L’Italia ha scelto il sì. Con il 69,62% delle preferenze, gli italiani hanno confermato la legge che era stata già approvata in parlamento lo scorso anno. I risultati del referendum costituzionale sul taglio dei parlamentari erano, per certi versi, prevedibili dopo l’atteggiamento dei diversi schieramenti politici. Meno prevedibili erano i dati sull’affluenza degli elettori che, per il referendum, si sono attestati sul 53,84%.

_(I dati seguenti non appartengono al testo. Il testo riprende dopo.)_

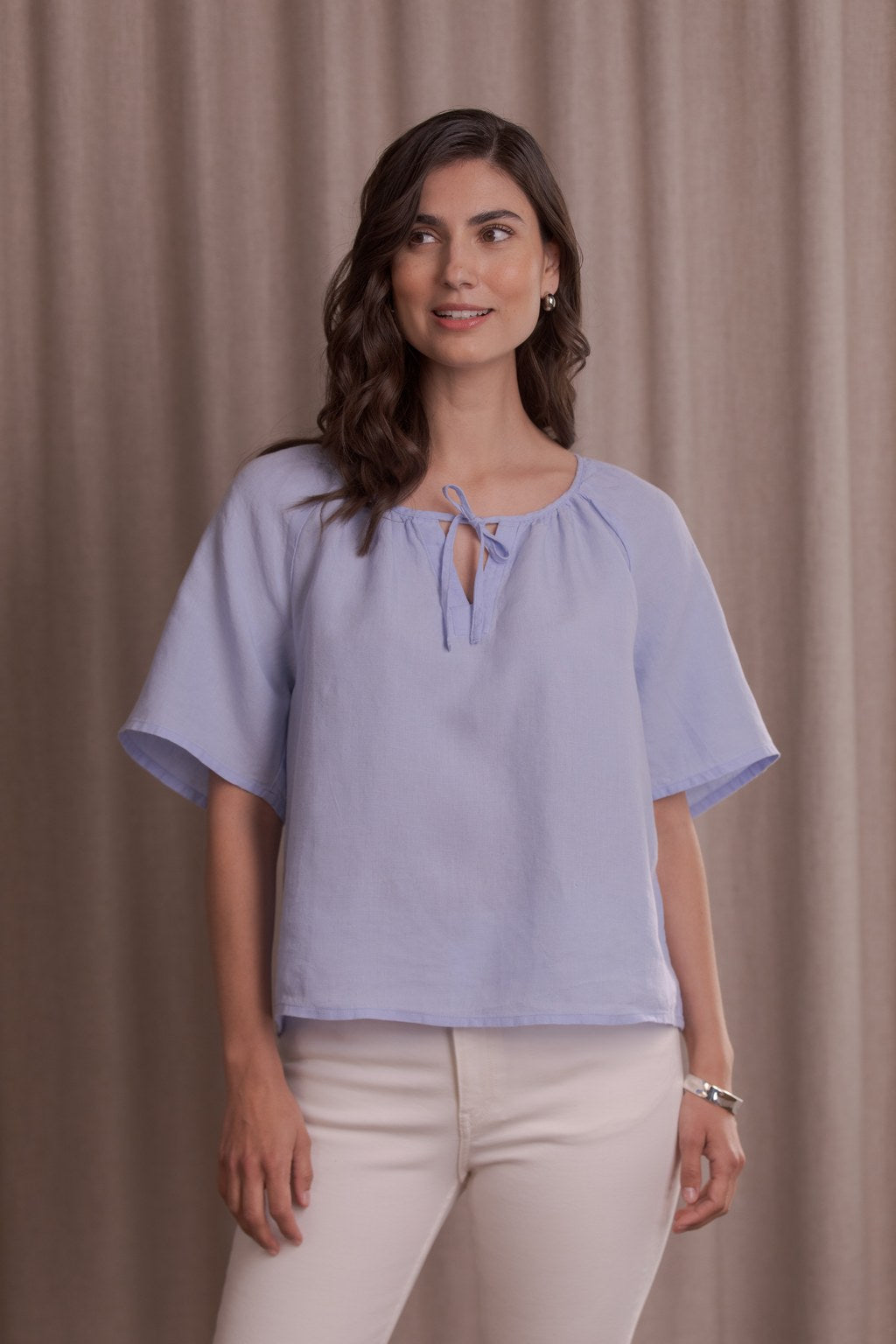 Leveähihainen pellavapaita, Sky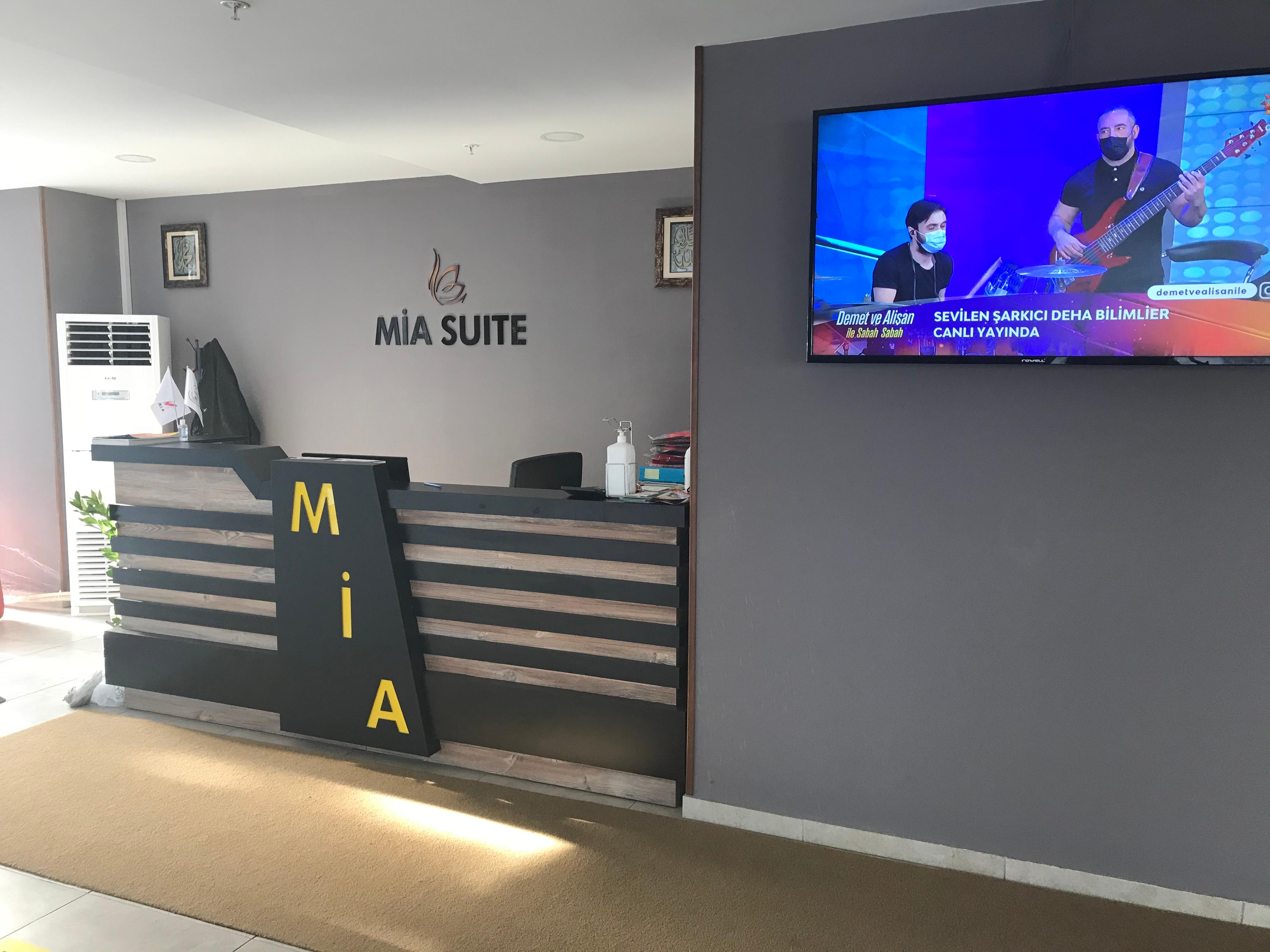 Mia Suite — 1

Referendum sul taglio dei parlamentari: cosa raccontano i risultati
Dopo l’approvazione della legge in parlamento, lo scorso anno, e il ricorso al referendum per non aver raggiunto una maggioranza qualificata, le posizioni degli schieramenti erano piuttosto delineate. Poi, con la caduta del governo e la creazione di un secondo governo guidato sempre da Giuseppe Conte, la composizione politica è cambiata con un singolare rimpasto tra maggioranze e opposizioni. Cambiando le posizioni politiche sono cambiate le posizioni ideologiche. Eccezion fatta per i 5 Stelle che erano stati i promotori della riforma e che hanno portato avanti compatti la loro battaglia fino in fondo, gli altri partiti si sono fondamentalmente spaccati. All’interno di Lega, PD e Forza Italia, per esempio, diversi esponenti hanno abbracciato posizioni contrapposte fino a quando i leader hanno lasciato libertà di voto ai loro elettori. Una disparità, dunque, tra il fronte del Sì, cresciuto costantemente, e quello del No che ha perso gradualmente corpo.
Cosa accadrà?
La legislatura in corso finirà nel 2023, se non si ricorrerà a elezioni anticipate, sarà quello l’anno in cui verrà applicata la legge approvata oggi con il referendum. Anche se, prima di procedere a nuove elezioni, bisognerà completare il puzzle legislativo per dare un senso a questa operazione.
La riforma elettorale
Una delle ragioni del No, infatti, metteva in evidenza le lacune della legge approvata in parlamento e ora confermata col referendum, in assenza di un’opportuna legge elettorale. Ora che si procederà, senza fare marcia indietro, verso il ridimensionamento delle poltrone, sarà necessario mettere mano alla riforma elettorale. La riforma dovrà garantire il carattere proporzionale tenendo conto delle nuove percentuali di rappresentatività. Dovrà continuare a garantire la stessa rappresentatività a tutte le regioni, senza penalizzare quelle a minore densità abitativa.